CAFFEINE & PERFORMANCE


Caffeine is one of the most widely used supplements in the health and fitness industry. Caffeine finds its way into tea, coffee, soft drinks, chocolate, and medications, in addition to most pre-workout supplements on the market.


Caffeine is addictive; ask any coffee lover; but what does it actually do? It’s well known to stimulate the human body and can be used to boost and improve physical strength and endurance.



It is also classified as a nootropic as it stimulates the brain, causing you to be a lot more alert and awake by inhibiting adenosine within the brain. It sensitises neurons and provides mental stimulation.

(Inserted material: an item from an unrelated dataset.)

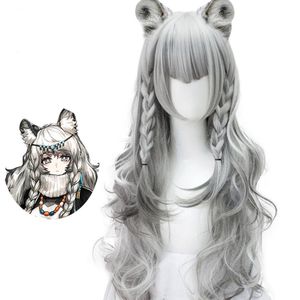 Game Arknights Pramanix Cosplay Costume Accessoires Perruque Argent Blanc Cheveux Synthétiques Filles Perruque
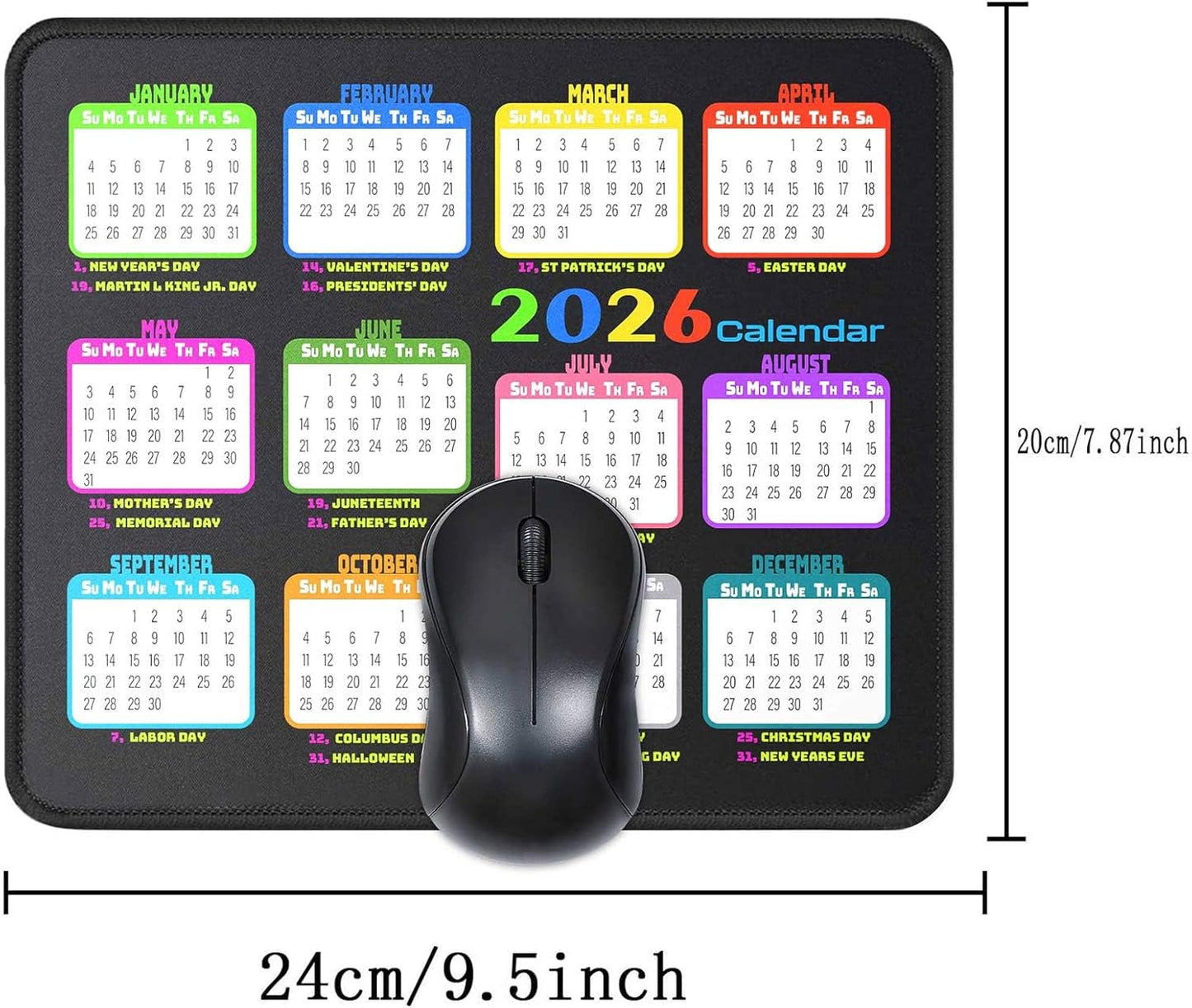 Calendar Mouse Pad 9.5 X 7.8 in, Mouse Pads with Stitched Edges and Non-Slip Rubber Base, Home Office Desk Decor Accessories for Computer Laptop Work Gaming (White 2026 with Holidays)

When talking about training and performance, studies show that it has a greater positive effect on aerobic endurance performance than strength performance. However, it still improves strength endurance, though there isn’t enough evidence to show if these acute improvements can have a long term effect on strength and hypertrophy gains.



Dosages of caffeine vary between each individual. If you are new to caffeine supplements, the recommended dosage is roughly 100mg. The average dose is roughly 200mg with studies showing that acute strength increases occur at 400mg+ dosages.


Are you a coffee lover? Do you use caffeine to enhance training performance? How do you consume caffeine? Coffee? Energy drinks? Pre-workout?